I have no idea why I did not finish and publish the previous post. I am a bit annoyed at myself for failing to finish the post because today, in a partisan vote, the Supreme Court delayed implementation of the Clean Power Plan. (On the other hand, if you were a student in the seminar I taught at Hoover that summer, then you already know all about this!)
We do not know why the Republican justices decided to delay implementation. It could be worried about one of the first two arguments that I mentioned in the previous post. Or it could be that bit of bad drafting that I averred to but did not discuss.
In 1990, Congress passed two contradictory versions of an amendment to Section 111(d) of the Clean Air Act. The House version said that the EPA could not regulate power plant emissions under this section if it had already regulated another pollutant from these plants. The Senate version allowed the EPA to issue rules on new pollutants even from plants that were already regulated. For those of you interested in the exact language:
- House version: rulemaking will proceed for “any air pollutant … not … emitted from a source category which is regulated under Section 112.” E.g., no future regulation of new pollutants from sources that are already regulated.
- Senate version: rulemaking will proceed for “any air pollutant . . . not included on a list published under . . . 112(b).” E.g., only certain specific pollutants are excluded from future regulation.
Congress, however, screwed up. Instead of choosing one version or the other, the conference committee somehow managed to insert both into the final bill. The “Section 112 exclusion,” therefore, is a contradictory mess. If you want to kill the Clean Power Plan, then you want to argue that the House language applies.
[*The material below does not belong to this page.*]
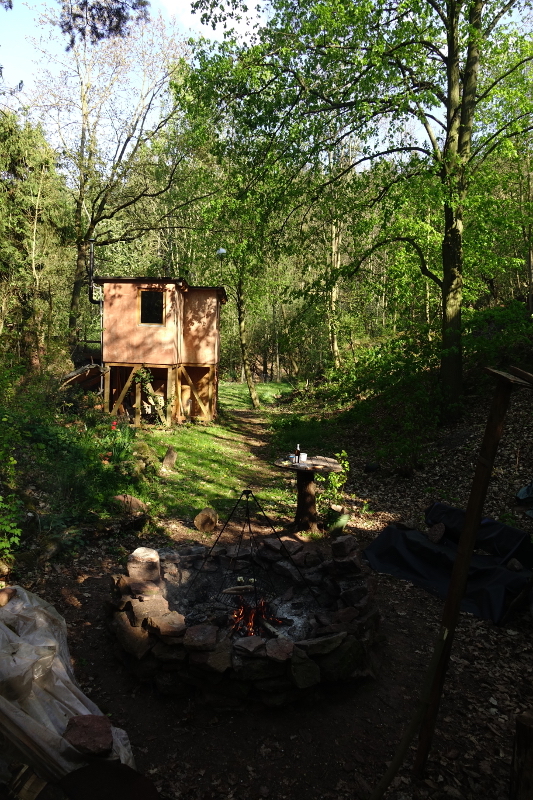 Wald Harz Kunstschule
The requests for a stay can be found here. Most of them seem to hinge upon some version of the “beyond the fence” argument and the confused language of the Section 112 exclusion.
Shades of King v. Burwell! For those of you unfamiliar with Supreme Court cases, King v. Burwell was an attempt to kill Obamacare that hinged upon a single badly-drafted line.
The D.C. circuit rejected the applications for a stay of the plan, but now the Supreme Court has stepped in. We will have to see, but I feel pessimistic about the Clean Power Plan’s chances. Although the legal arguments presented in these last two posts are not particularly powerful, they are also far from specious.
Larry Tribe, on the other hand, has presented a specious case against the Plan based on the Fifth and Tenth Amendment. If you want to see an avowed liberal tie himself in weird knots in order to justify a conservative outcome because he is being paid to do so, go click the link.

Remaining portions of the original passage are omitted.